[Crawled caption data]
┄┄┄┄┄┄┄┄┄┄┄┄┄┄┄┄┄┄┄┄

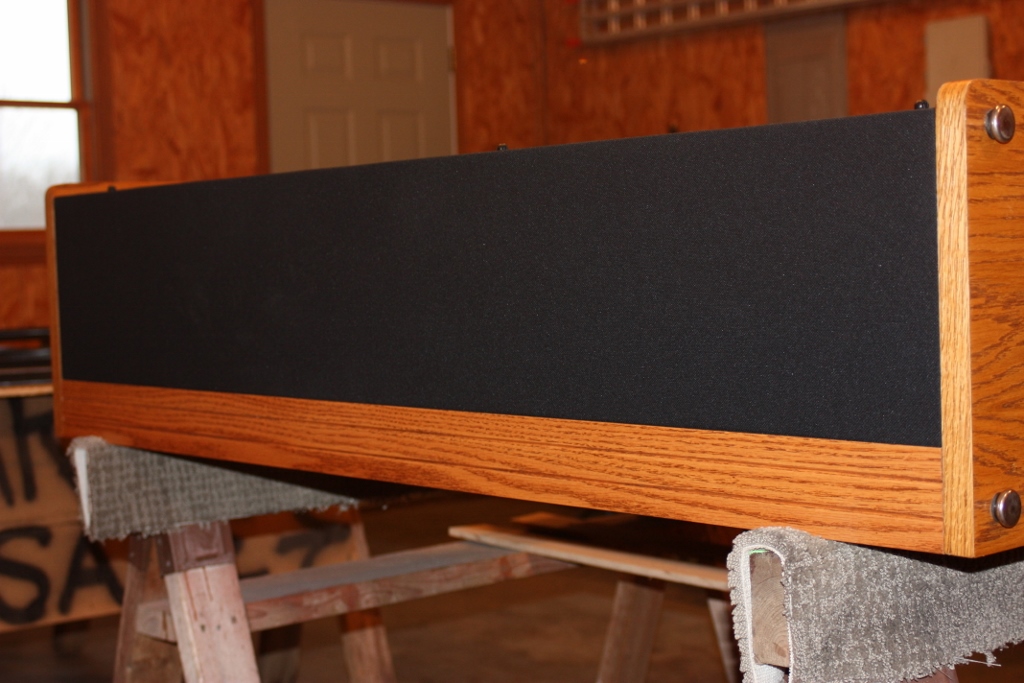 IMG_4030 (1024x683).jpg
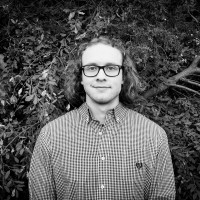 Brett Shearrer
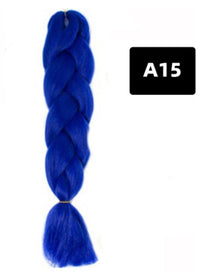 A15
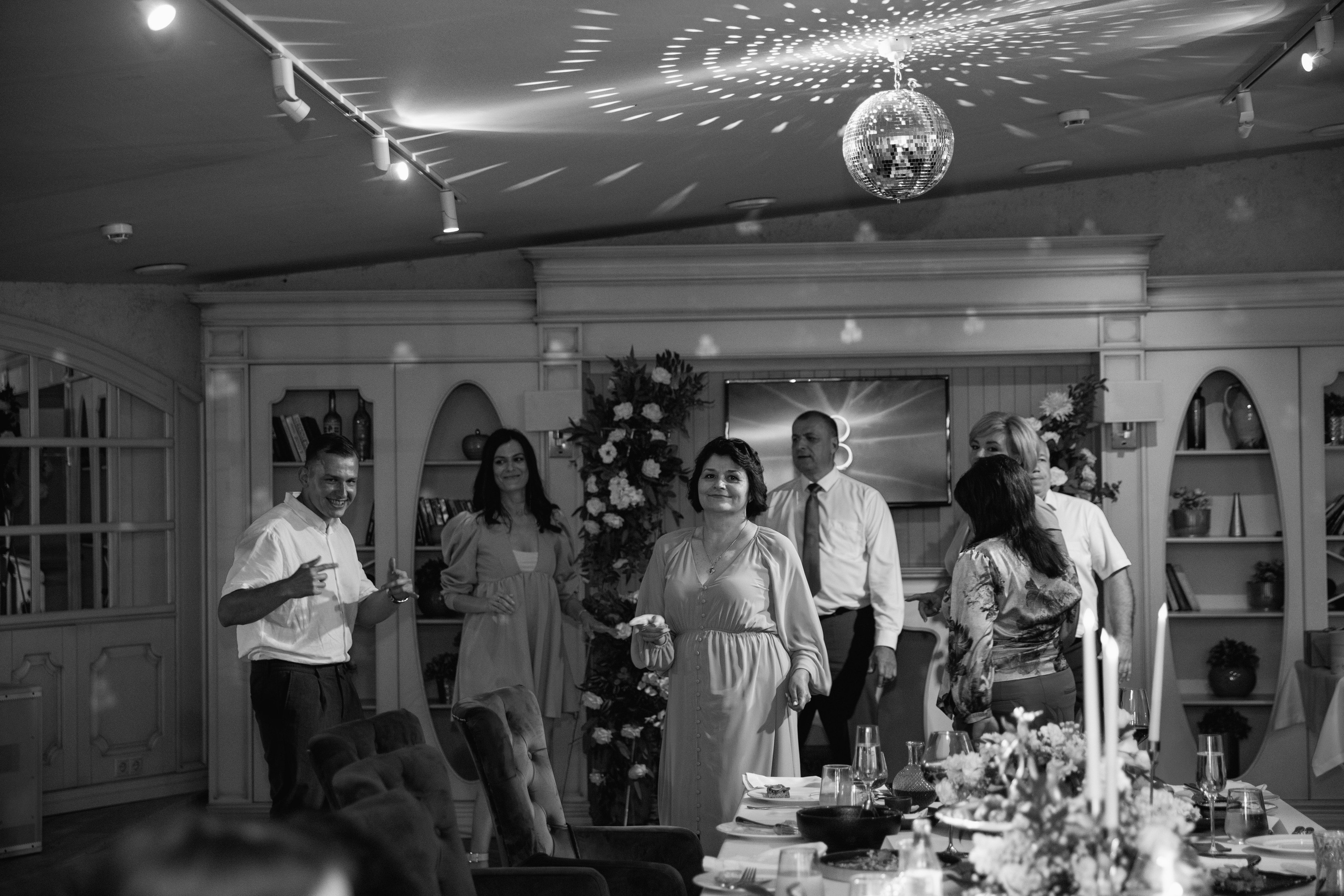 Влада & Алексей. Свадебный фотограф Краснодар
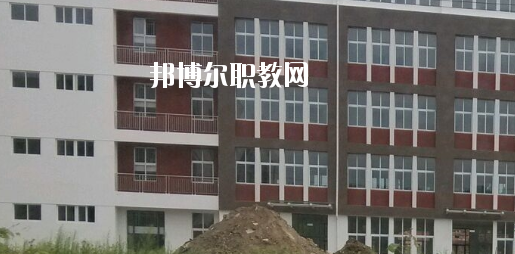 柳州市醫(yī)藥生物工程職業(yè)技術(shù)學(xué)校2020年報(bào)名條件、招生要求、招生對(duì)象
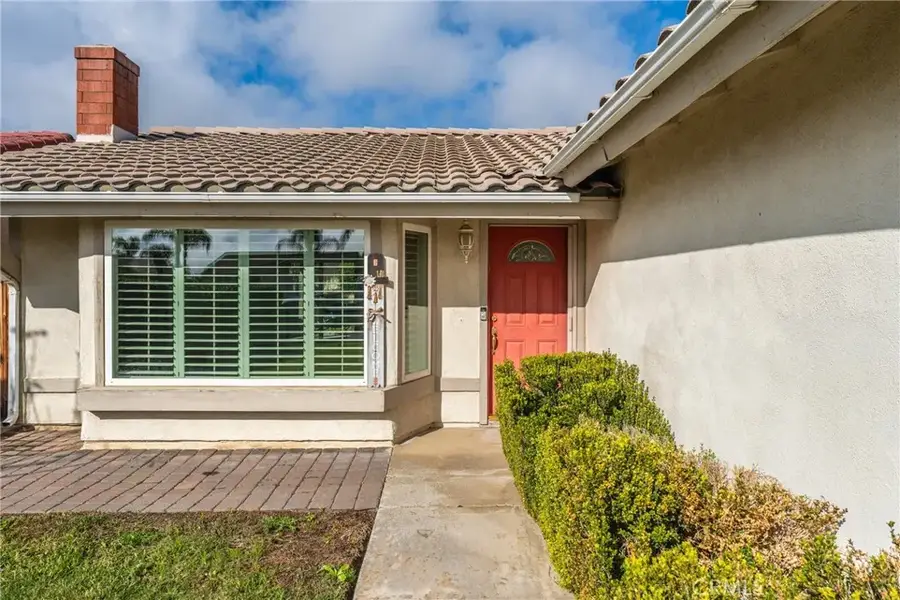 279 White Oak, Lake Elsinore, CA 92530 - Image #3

┄┄┄┄┄┄┄┄┄┄┄┄┄┄┄┄┄┄┄┄

[Problem description]
Nothing but the lines from the line containing "Влада & Алексей." through the end of the data, both ends included, is to be reproduced, exactly as written and without the pictures.

[Solved exercise]
 Влада & Алексей. Свадебный фотограф Краснодар
 柳州市醫(yī)藥生物工程職業(yè)技術(shù)學(xué)校2020年報(bào)名條件、招生要求、招生對(duì)象
 279 White Oak, Lake Elsinore, CA 92530 - Image #3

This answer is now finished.